WORK REQUIRED = Repeat, word for word, all the data that follows, and exclude the pictures.

COLLECTED MATERIAL =
------
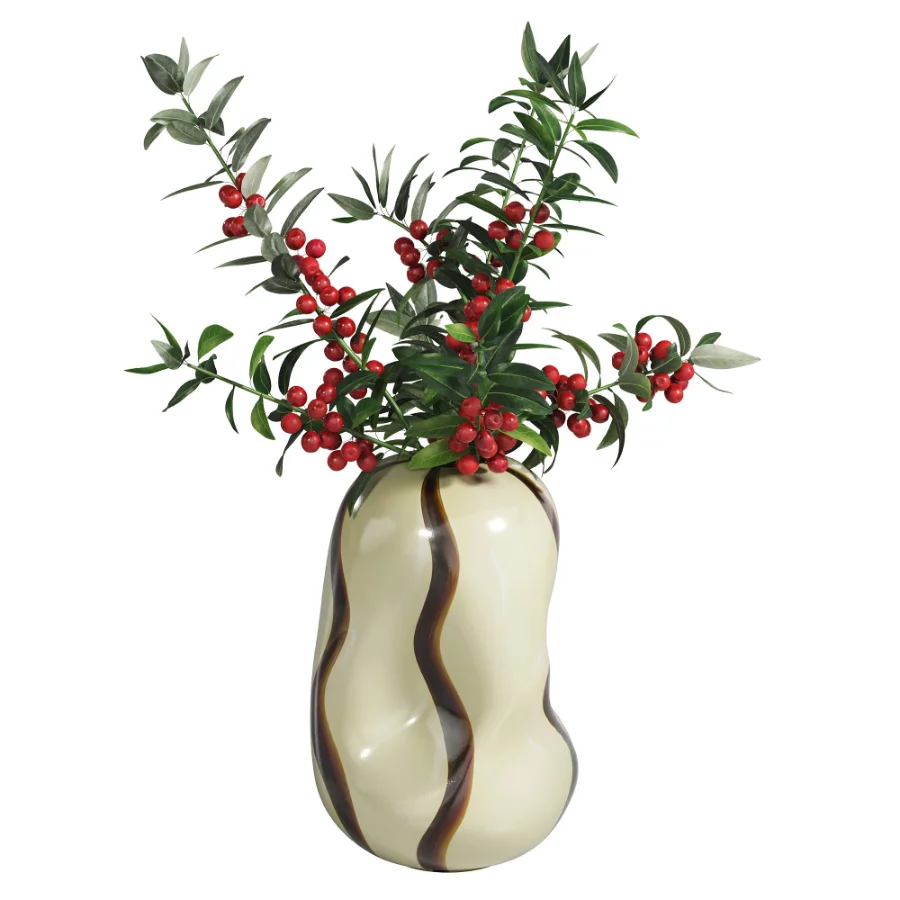 Decorative floral arrangement with red berries and green foliage in a sculptural vase (Skimmia) Image 3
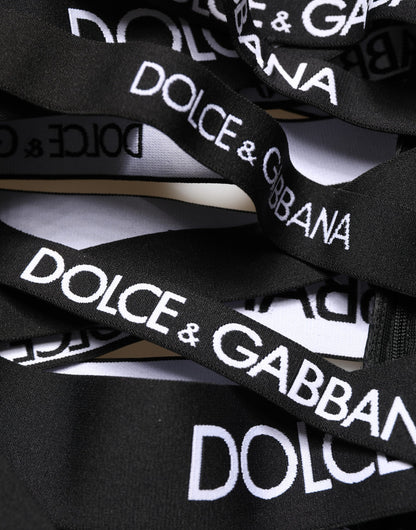 Pantalon Dolce & Gabbana taille haute skinny noir avec découpes et logo en ruban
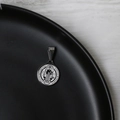 Dettaglio macro del ciondolo medaglia di San Benedetto in argento su espositore nero opaco - Moneta Ritratto Piatta Argento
------
ANSWER TO THIS EXERCISE =
 Decorative floral arrangement with red berries and green foliage in a sculptural vase (Skimmia) Image 3
 Pantalon Dolce & Gabbana taille haute skinny noir avec découpes et logo en ruban
 Dettaglio macro del ciondolo medaglia di San Benedetto in argento su espositore nero opaco - Moneta Ritratto Piatta Argento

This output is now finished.